When the induction hardening of the component M is completed, the induction hardening device 3 is moved up by the driving of the air cylinder 27, so that the coil 12 is opened in the cooling liquid tank upper opening 2.
Can be raised to b. After that, the component support base 5
While rotating up to the stage S ₇ , the component M cools the cooling liquid W.
Cooled inside. Then, in the eighth stage S _8, air is supplied into the cylinder interior 23 parts receptacle 9 is raised again by the switching operation of the rotary valve 26, the part M has completed hardening is taken out.

Continuous induction hardening is performed by continuously performing the above operation.

As described above, according to the present embodiment, the rotation operation of the component receiver 9 (in other words, the component M) for preventing the uneven burning due to the liquid flow ejected from the liquid ejecting nozzle 14 and the cooling liquid W are performed. The convection is promoted at the same time.

The present invention is not limited to the above-described embodiments, and it goes without saying that the design can be changed as appropriate without departing from the scope of the invention.
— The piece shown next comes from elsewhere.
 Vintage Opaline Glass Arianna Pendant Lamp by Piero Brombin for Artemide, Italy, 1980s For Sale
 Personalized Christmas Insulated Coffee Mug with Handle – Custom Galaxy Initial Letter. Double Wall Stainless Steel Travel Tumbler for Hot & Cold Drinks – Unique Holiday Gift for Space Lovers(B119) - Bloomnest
(Effects of the Invention) As described above, according to the present invention, in a component in which a component to be hardened is immersed in a cooling liquid and hardened by a heating coil, a component receiver rotatably supported on a component support base is provided. ,
Preventing uneven burning because it is rotated by the liquid flow jet from the liquid flow jet nozzle to the fan provided in the component receiver, and the cooling liquid is forcibly convected by the jet liquid flow. There is an excellent effect that the rotation of the parts for the purpose and the promotion of the convection of the cooling liquid can be simultaneously performed by the jet liquid flow from the liquid jet nozzle.

Further, there is no need to separately provide a component rotating mechanism for preventing uneven burning of the components and a stirring mechanism for promoting convection of the cooling liquid, and there is an effect that the device can be simplified.
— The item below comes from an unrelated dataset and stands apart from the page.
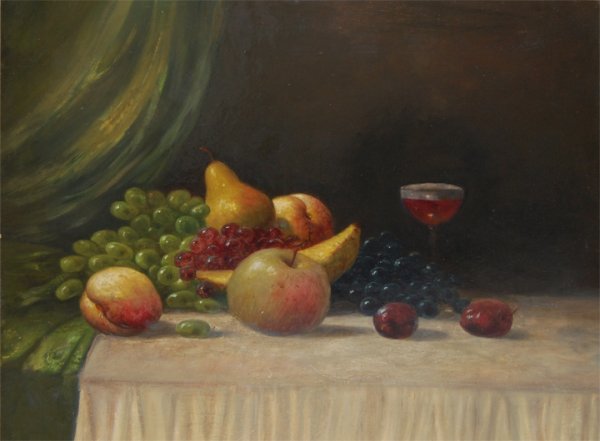 Still Life; Oil on canvas by Robert Scott Duncans: Still Life; Oil on canvas by Robert Scott Duncanson; Size: 20"x24"; Robert Scott Duncanson (c. 1822 - December 21, 1872) was born in Seneca County, New York in 1821. Duncanson's father was a Canadian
[Brief description of drawings]

FIG. 1 is a partial cross-sectional side view showing a submerged quenching apparatus according to an embodiment of the present invention, FIG. 2 is a top view of the submerged quenching apparatus of FIG. 1, and FIG. FIG. 3 is a cross-sectional view of a component receiver portion in the submerged quenching apparatus of FIG. 1. 2 ... Coolant tank 5 ... Component support 9 ... Component receiver 10 ... Fan 12 ... Coil 14 ... Liquid jet nozzle M ... Component W ... Coolant

Claims (1)

[Claims] 1. A component supporting base disposed in the cooling liquid in a cooling liquid tank and rotatable on the component supporting base, in which a component to be hardened is immersed in a cooling liquid and hardened by a heating coil. A component receiver configured to hold a component that is pivotally supported and subjected to induction hardening processing, a fan that is provided to rotate the component receiver, and a convection liquid coolant that is installed facing the fan. An in-liquid quenching apparatus comprising: a liquid jet nozzle for acceleration.